Liftschacht und Seilbahnmast

Staldenried ist eines jener Walliser Dörfer, deren öffentliche Verkehrserschliessung über eine Luftseilbahn erfolgt. Letztes Jahr hat die Gemeinde die Seilbahn für total 21.5 Millionen Franken komplett erneuert und drei Stationen mit Aufzügen von AS komfortabler und barrierefrei ausgestaltet.

Die Talstation der Seilbahn in Stalden schmiegt sich direkt an den Perron der Matterhorn-Gotthard-Bahn. Das Gelände unterhalb fällt fast senkrecht in die Schlucht ab, in der die Mattervispa und die Saaser Vispa zusammenfliessen. Die Kabine schwebt leise über dieses tosende Naturschauspiel auf die andere Talseite nach Staldenried. Von dort führt eine zweite Sektion weiter den Berg hoch nach Gspon.

Seit 1951 ist die Gemeinde Staldenried, die aus 33 Siedlungen besteht und sich über mehr als 1000 Höhenmeter erstreckt, per Seilbahn erschlossen. Eine Strasse gibt es erst seit den frühen Siebzigerjahren. Die Liebe der Einheimischen zu ihrem Bähnli ist trotz Auto ungebrochen. In der Abstimmung über die Erneuerung der Seilbahn stimmten mehr als 90 Prozent für das Projekt.

   

Barrierefreiheit und mehr Komfort


Architekt der insgesamt vier Seilbahnstationen ist Hans-Jörg Arnold, in Salt Lake City (2002) Paralympics-Goldmedaillengewinner. Er integrierte in Stalden und Staldenried die Fundamente der alten Bahnstationen in den neuen Betonsockel. Der obere Gebäudeteil ist in Staldenried und Gspon von viel Holz geprägt. Der Architekt setzte in seinen Entwürfen die seit 2004 geltenden Anforderungen des Behindertengleichstellungsgesetzes um. Die drei Aufzüge von AS sind Teil der nun barrierefreien ÖV-Kette, die Gspon mit Stalden verbindet und weiter nach Visp und dem Rest der Schweiz führt.

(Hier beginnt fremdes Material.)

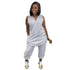 Woman wearing sleeveless gray jumpsuit with relaxed fit and cropped jogger-style legs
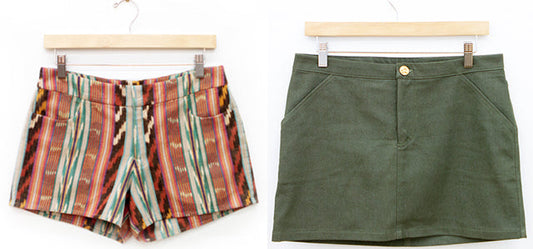 Maritime Shorts in red and teal ikat cotton and Moss Skirt in olive green denim on wooden hangers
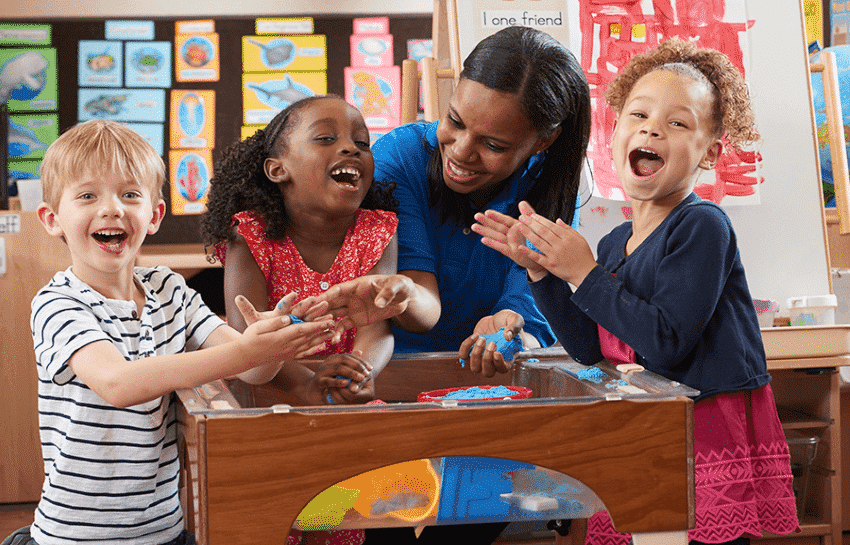 Teacher with Children at New Horizon Academy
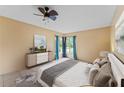 Spacious bedroom with large window and ample natural light at 15635 Bear Creek Dr, Tampa, FL 33624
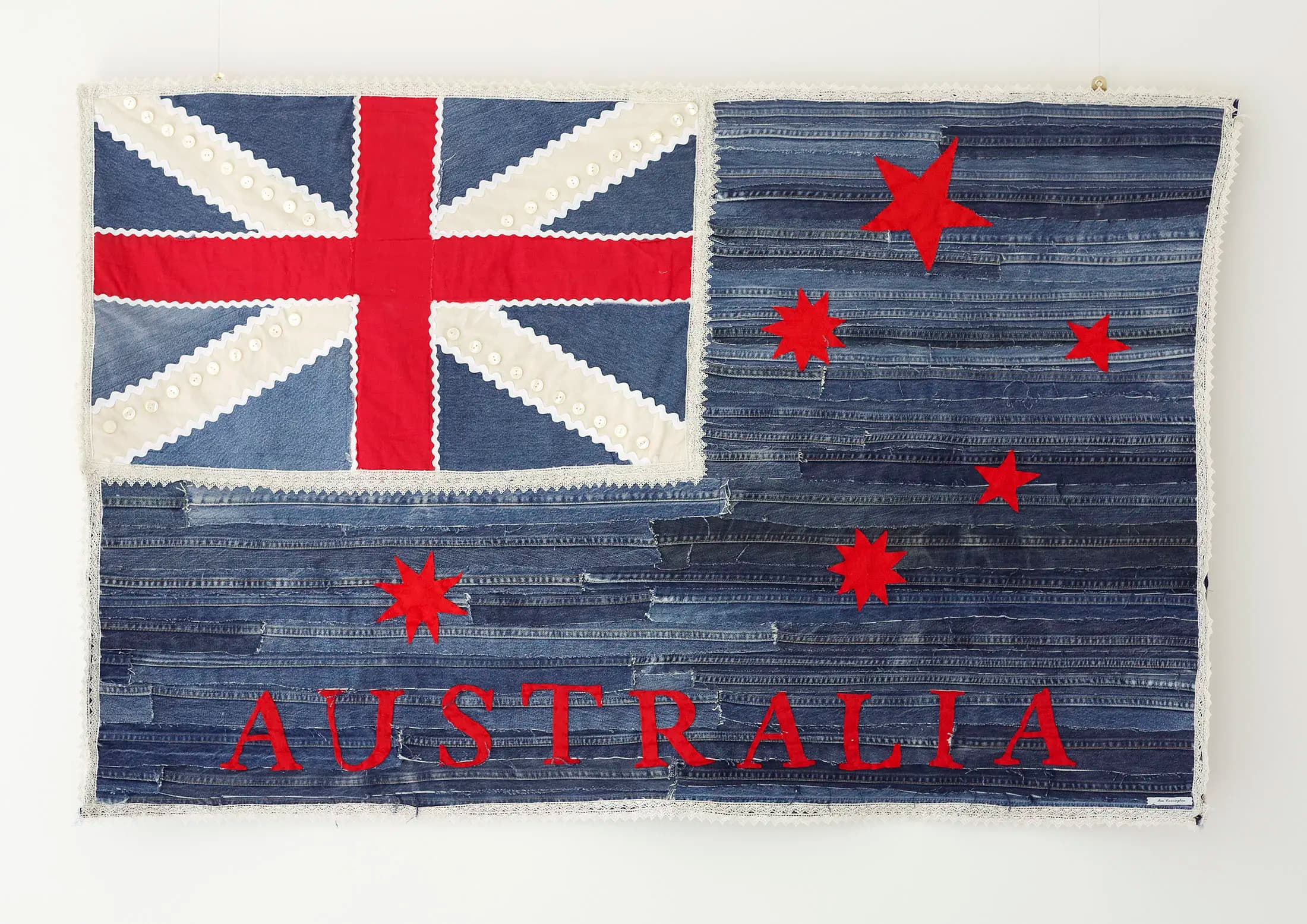 Patchwork textile art depicting an Australian flag. The Union Jack and Southern Cross are crafted from various denim shades and lace-like trim, with the word AUSTRALIA in red letters at the bottom. The background is textured with horizontal denim strips.
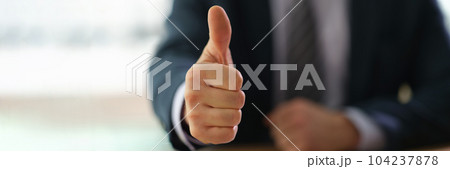 Businessman showing thumb up at work in office closeup 104237878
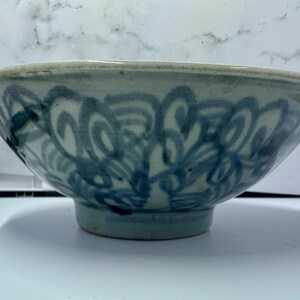 May include: A ceramic bowl with a light blue and white color scheme. The bowl features a decorative blue swirl pattern around the exterior. The bowl has a rounded shape with a slightly flared rim and a small foot.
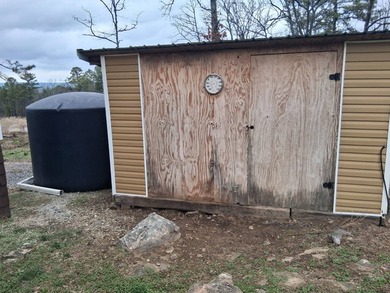 This 1000 sq ft home has 2 bed 2 bath and sits on 14.5 acres - photo 13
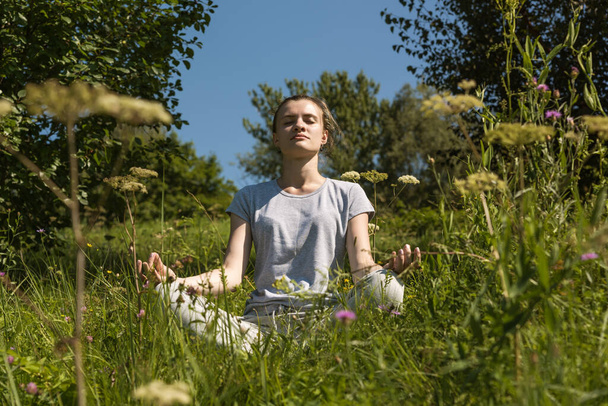 Junge attraktive Frau meditiert in Lotusposition im Freien - Foto, Bild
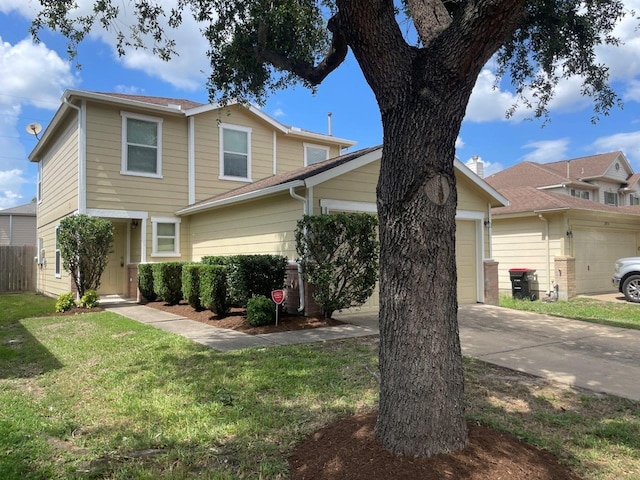 view of front of house with a garage and a front lawn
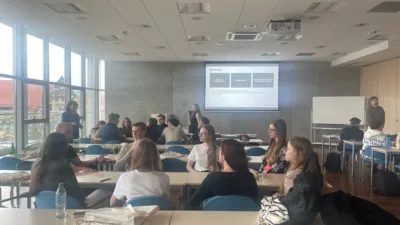 W sali wykładowej Uniwersytetu Ekonomicznego w Poznaniu trwa interaktywne zajęcie. Na ekranie projekcyjnym wyświetlony jest slajd z tytułem "Wnioski" i schematem. Studenci siedzą przy stolikach w grupach, dyskutując i pracując. W sali panuje ożywiona atmosfera. Widoczne są duże okna z widokiem na Poznań oraz biała tablica.
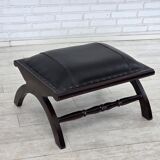 1970s, vintage armchair with footstool, black furniture leather.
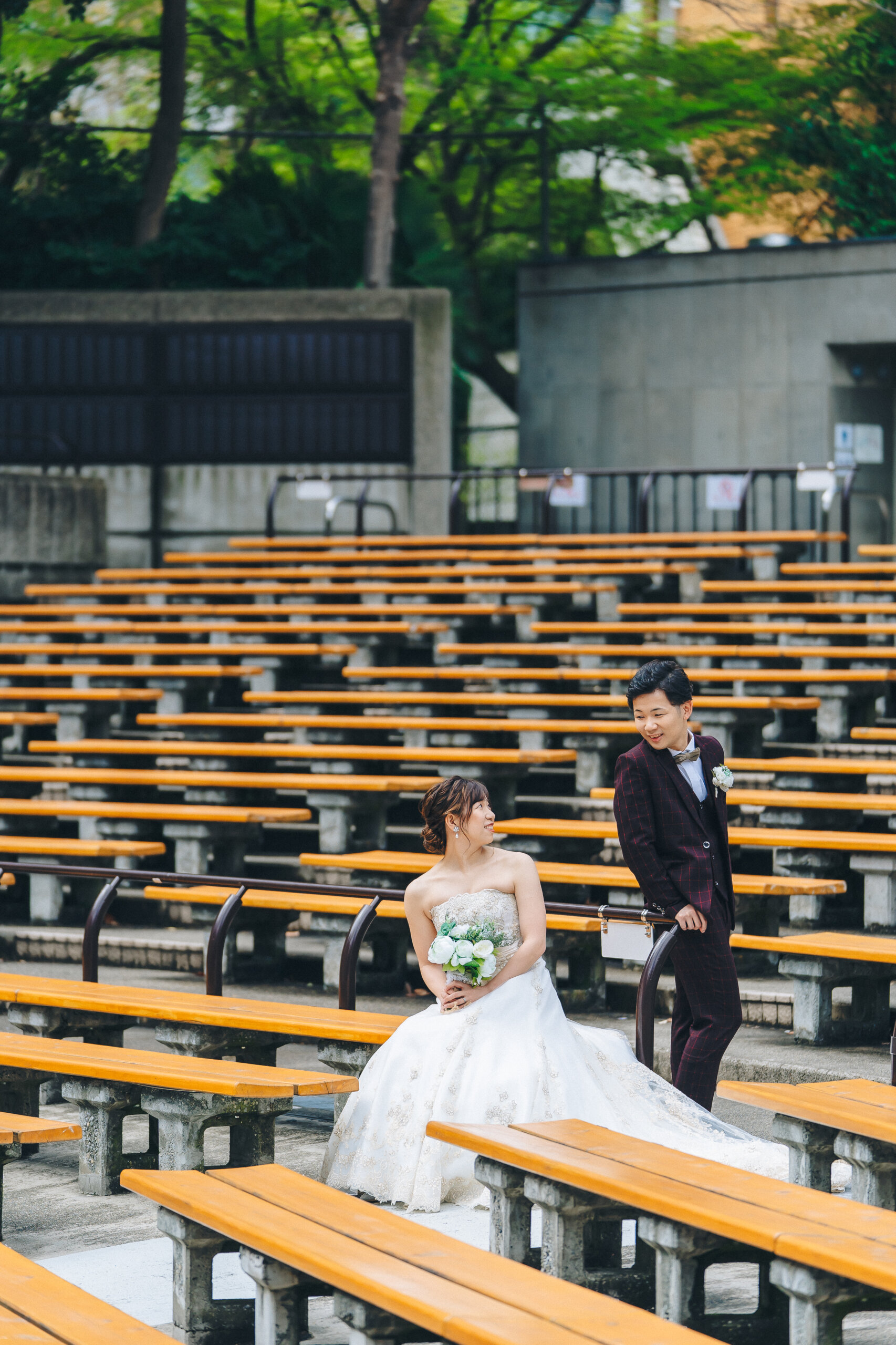 Dress selection for Hibiya Park — lace and full-skirt dresses suit the classical fountain, while simple lines complement the outdoor concert hall's strong architecture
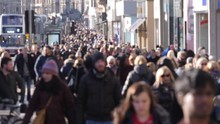 Anonymous / Unrecognisable People Walking On Princes Street, Edinburgh. They Are Shopping And Walking. Blurred. Slow Motion.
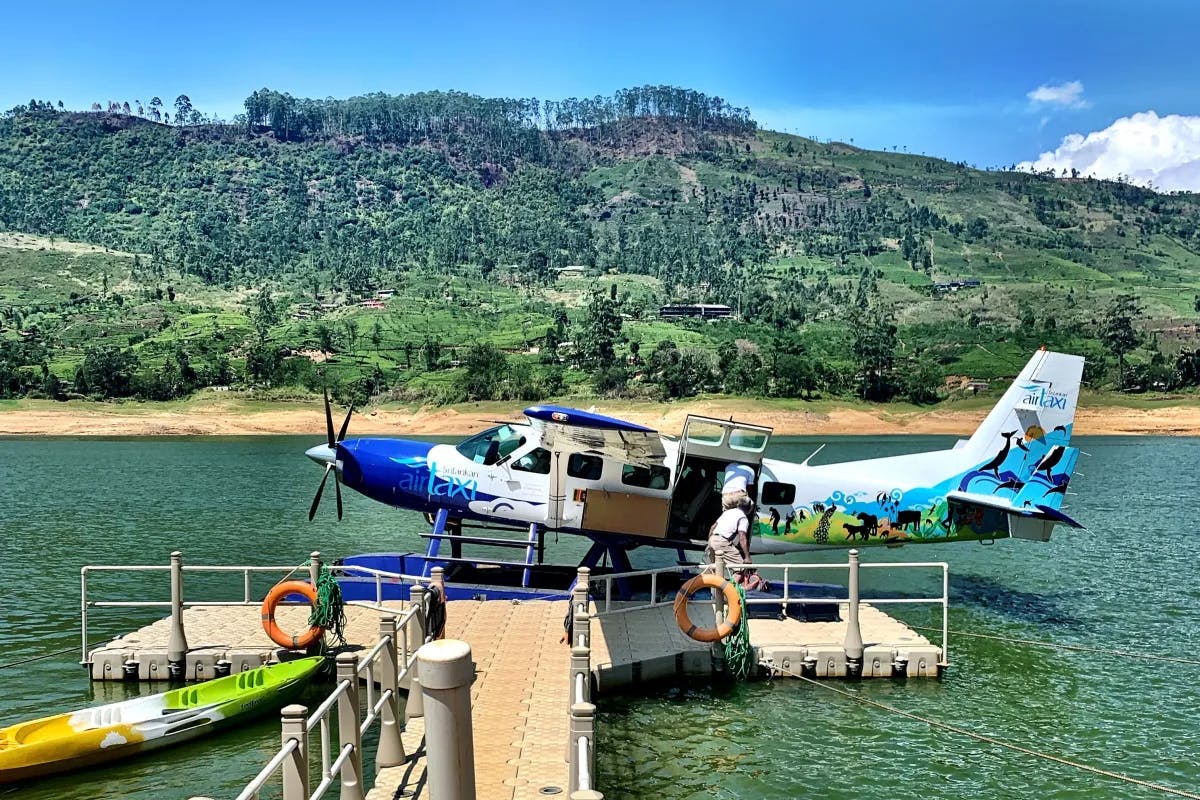 Seaplane parked at a dock with a mountain in the background. 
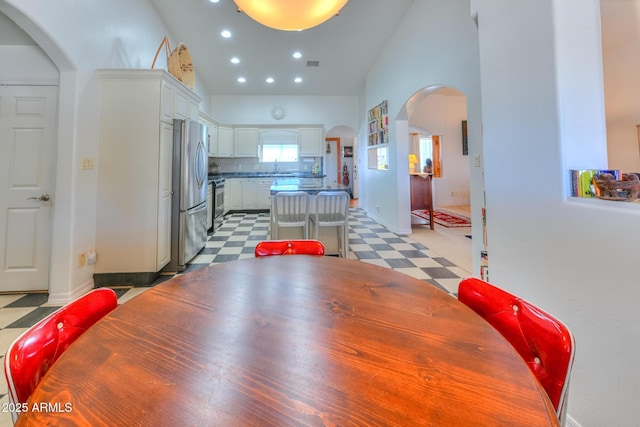 dining space featuring visible vents, light floors, recessed lighting, arched walkways, and high vaulted ceiling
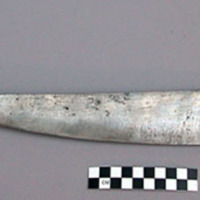 Kris - steel blade, single-edged, handle of carved dark brown wood; +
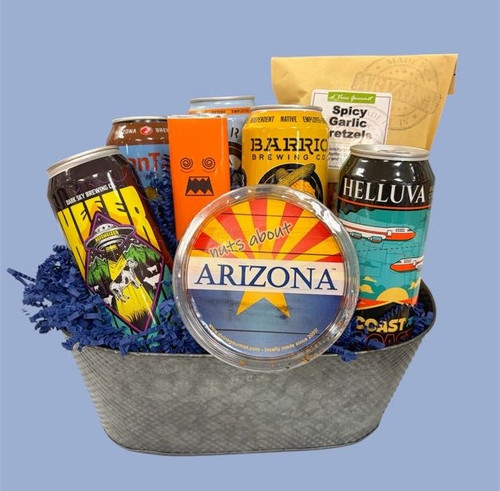 silver oblong shaped tin basket filled with 5 different craft beers and three snacks
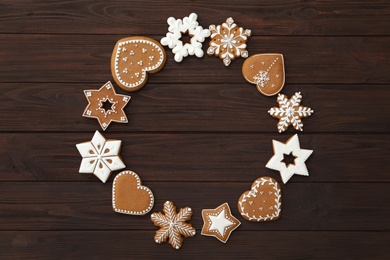 Frame of different delicious Christmas cookies on wooden table, flat lay. Space for text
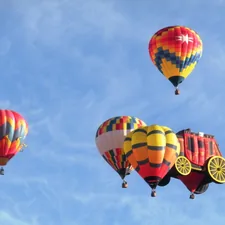Hot air balloon fly together with a blue sky. related to Elevate Your Nursery with Hot Air Balloon Baby Bedding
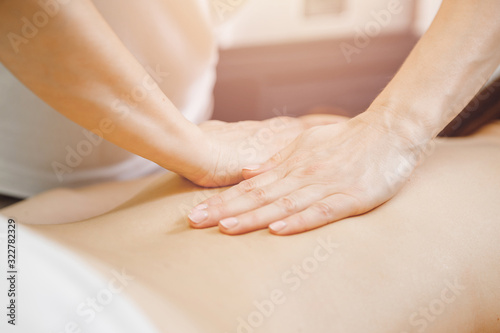Young woman relaxing with hand professional back massage beauty spa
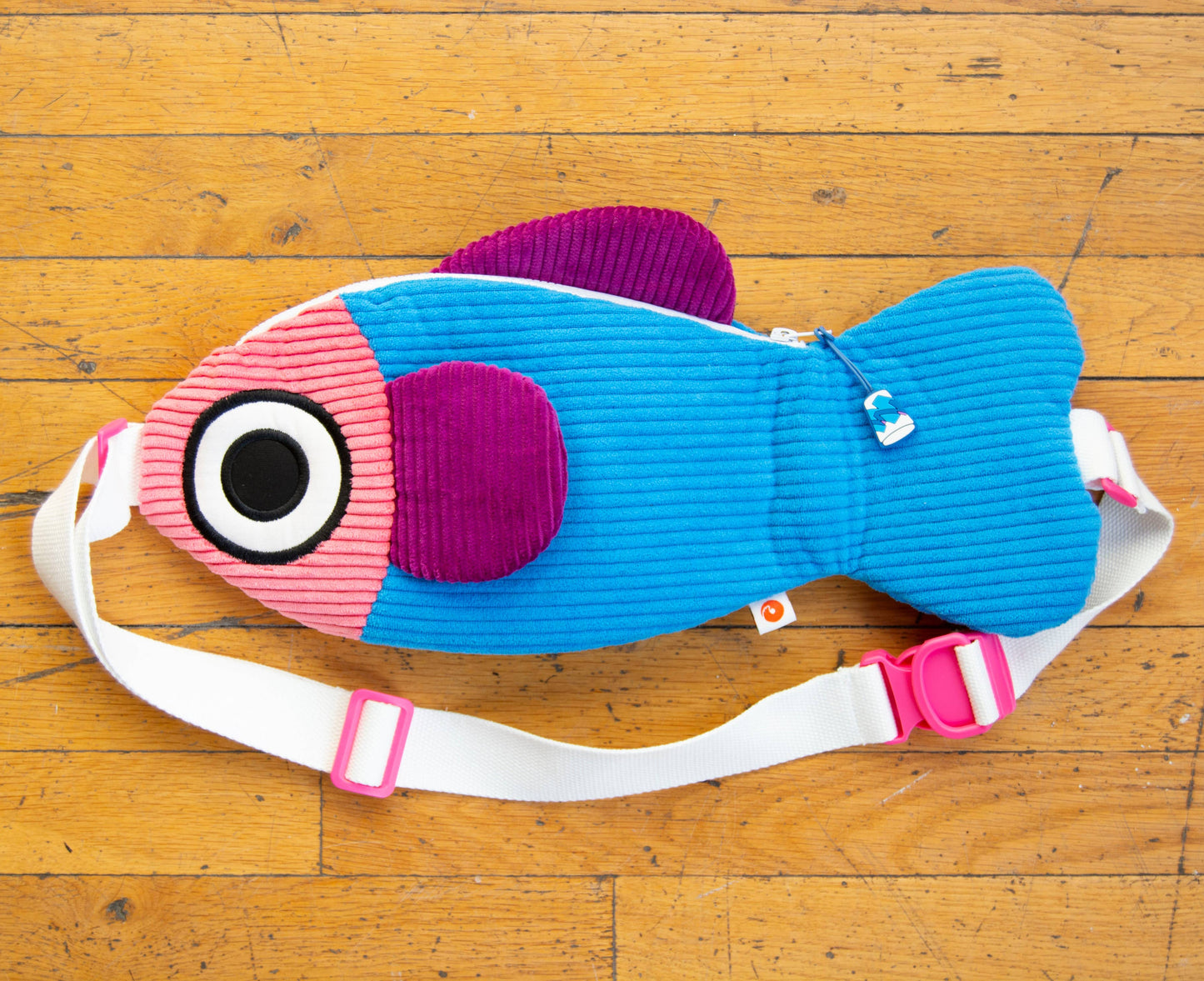 Colorful fish-shaped bag with a strap on a wooden floor
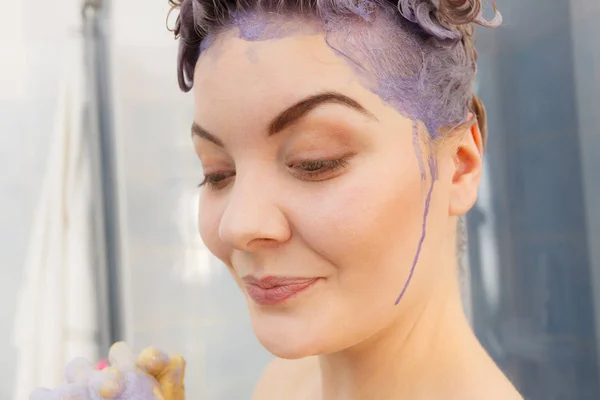 妇女应用着色洗发水在她的头发 女性有紫色洗涤产品 在家里打上金色的颜色 指着她被染红的脸颊 — 图库照片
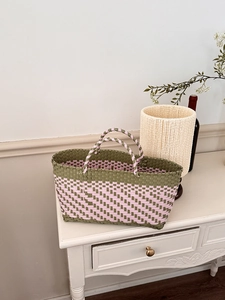 Detail of olive green and pink hand-woven shopping basket on a white vintage wooden cabinet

Darüber hinaus bringen die Aufzüge jenen Komfort in die Seilbahnverbindung, den die Touristen und Einheimischen sehr schätzen. In der Zwischenstation ‹Zer Chirchu› zeigt sich dieses Upgrade besonders augenfällig: Früher bestand diese Haltestelle aus einer abenteuerlichen Treppe mit luftiger Plattform, die an den Stahlmasten angehängt waren. Heute handelt es sich um eine schlanke, 26 Meter hohe Betonkonstruktion mit einem «Swisslift» im Innern. Oben endet der Lift auf der massiven Zustiegsplattform, die U-förmig um den Turm greift. Dieser ist Liftschacht und Seilbahnmast in einem – eine einzigartige Kombination.